We took the opportunity with caution. It seemed this crisis had struck the cancer team personally, and at least several were eager to talk. Behind closed doors and off-camera, some spoke of their anger that such an old and sometimes dangerous machine would still be the standard for the country.
“We should have linear accelerators,” they said, shocked that the state had not invested a few million dollars in the new machines. The staff had been trying to raise awareness of the machine’s consistent failure since 2015, when it broke down and electrocuted a patient on the table.
It also burned others. They were amazed that only now the media seemed to be taking notice.
They took us in to see the device, to look at the bespoke plastic masks that were made to hold patients still, and to watch as the great old machine head – with radioactive cobalt 60 at its centre – swivelled in a wide arc over a cold plastic bed.
Interviewing patients, which we had assumed would be the straightforward part of the shoot, was even more difficult. The word cancer leaves a deep stigma across these wards, even though it is written in clear red paint on the entrances.
Babacar, our fixer, kept saying: “It’s like Aids, you don’t tell people you have it”.
One divorced patient said that if she were known to have cancer, she would never be able to marry again. Another wanted to ask her husband for permission before speaking. A third refused to show her face.
Several agreed on the terms that cancer never be mentioned, which was of course, not possible.
After two days of asking patients for interviews, we were leaving empty-handed when a nurse called me to join her at the foot of the stairs. “A patient upstairs can see you, you can film him”. We were thrilled and nearly raced up the steps. She grabbed my arm. “You cannot use the word cancer,” she said.
I asked Babacar whether I had heard her correctly.
“It’s taboo,” he told me. But we’re in the cancer ward, I said. “Don’t use the word,” she insisted, telling us that the patient’s grandson was there with him. “Does he know it’s cancer,” I asked? Yes, he did.
We entered the small cell in the recovery ward to find an 84-year old man wearing a neat scarf, a small religious hat and a wide smile. He had been a soldier for Senegal, one of the revered veterans who stood up as the shackles of colonialism were cracking but not yet breaking in the 1950s. He was sick, but feeling fine.

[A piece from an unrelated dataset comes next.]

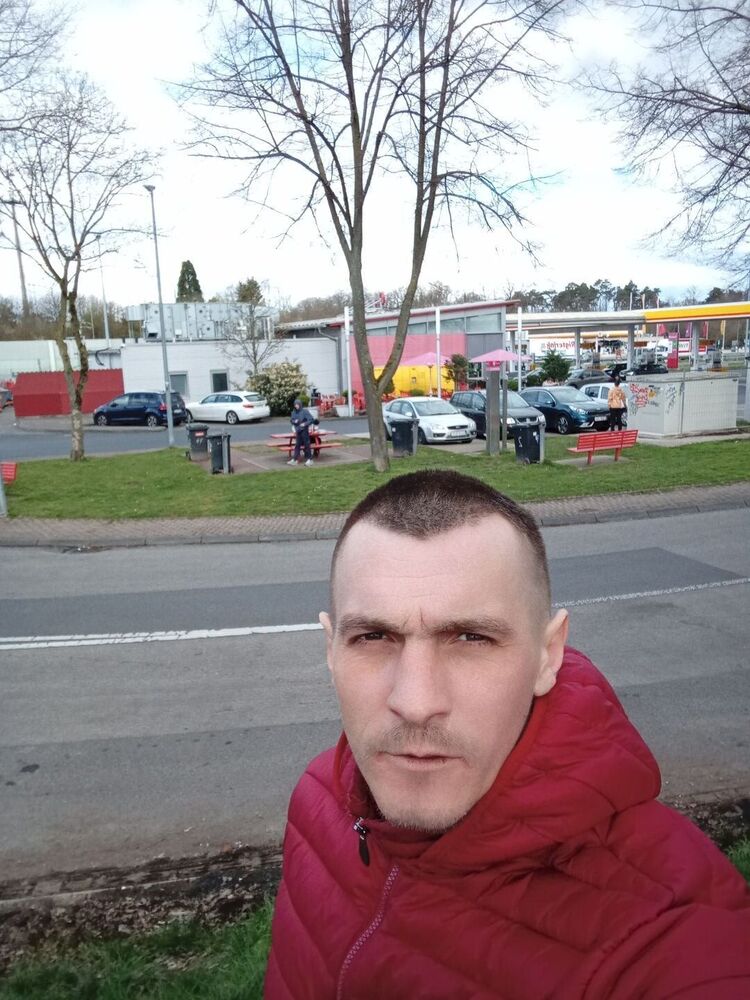  42935329  , 39 ,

He had a basket full of medicine and a catheter bandage on his hand. We interviewed him, learning that he had no pain and that he was happy to pay whatever was needed for the treatments he received for his mysterious ailment.

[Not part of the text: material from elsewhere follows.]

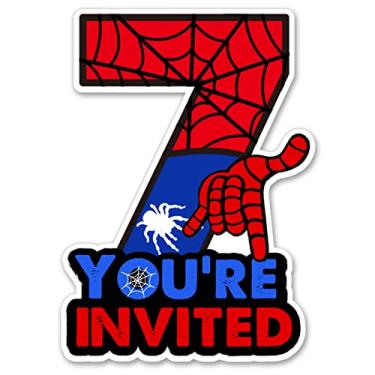 Imagem de Convites para festa de aniversário de 7 anos de super-herói fofo super-herói 7 anos de idade em forma de aniversário convites de preenchimento com envelopes, conjunto de 20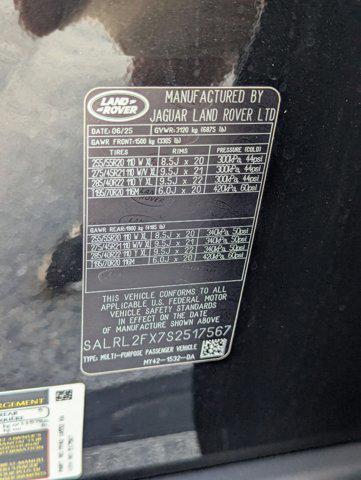 new 2025 Land Rover Discovery car, priced at $78,793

“Treatments should be expensive,” he said, because medical expertise should not come cheap. No mention of cancer.
The interview ended and the nurse came in. She pulled back his gown to reveal a wide chest bandage. “This is for the tumor we removed,” she said, as if tumor and cancer were two entirely unrelated terms.
Beyond the hospital, we were led by a member of Senegal’s League for Cancer (LISCA) to a younger woman of 40, living in the suburbs, who was suffering immensely from breast cancer.
She let us interview her in her home, with her family near, something that was clearly very upsetting to her.
She was undergoing constant chemotherapy. Her hand was swollen and her voice was soft. I asked about her diagnosis. She deferred entirely to her doctors, saying that she was not given choices in her treatments, and the costs, as we had also heard at the hospital, were unending.
Family supported her for visits: a few hundred dollars here and there, with the total running into the thousands.
Our shoot extended over two days, but by the end, we had enough material and strong voices.
We called once more, the day after our long hospital visit, to ask specifically how many patients had received burns – or other injuries – while fixed to the old machine’s table.
“No more calls please, no more questions” was the only answer after the call had been passed from one hand to another. Word had gone round. The window of availability and openness had closed.